Commissioned by the Fred Harvey Company, designed by Mary Colter, and completed in 1935, the log-and-stone Bright Angel Lodge offered canyon travelers alternative accommodation to the luxurious El Tovar. Just off the lobby is the History Room , a small museum devoted to Harvey, who, in conjunction with the Atchison, Topeka & Santa Fe Railway, transformed Grand Canyon into a popular tourist destination.
Today's Bright Angel is the latest in a series of incarnations that began after the first stagecoach arrived at the South Rim from Flagstaff on May 19, 1892. When train service to the canyon looked inevitable, James Thurber relocated his Flagstaff-Grand Canyon stagecoach line to the head of the Bright Angel Trail and opened Bright Angel Hotel and Camps.

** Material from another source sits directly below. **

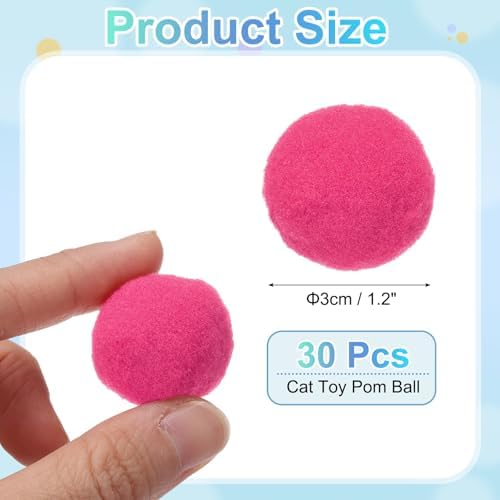 Cat Toy Pom Ball, Interactive Cat Ball Toys Fuzzy Pompoms (Plush, 1.2Inch, 30Pcs, Rose Red) for Kittens Pet Enrichment Training Play Indoor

He sold the property to Williams hotelier Martin Buggein in 1901, but because neither man made a formal claim to the land upon which the hotel stood, the Atchison, Topeka and Santa Fe Railway enveloped the site as part of its 20-acre depot; upon completion of the railroad's luxury El Tovar in 1905, the railroad bought Buggein's share of Bright Angel and upgraded his accommodation.
On the lodge grounds is the Buckey O’Neill Cabin. Built in the 1890s by William Owen O’Neill, the cabin is the longest continually standing building on the rim. Nicknamed ‘Buckey’ because he ‘bucked the odds’ in a card game, O’Neill moved to Arizona in 1879 and worked as an author, journalist, miner, politician and judge. In 1897 he raised money for and became president of the Santa Fe and Grand Canyon Railroad Co, and was a significant force behind the railroad's arrival to the South Rim in 1901. In 1898, he joined Teddy Roosevelt’s Rough Riders in the Spanish American War and died at age 38 the day before the assault on San Juan Hill. Today, the lucky few who make reservations well in advance can stay in his cabin.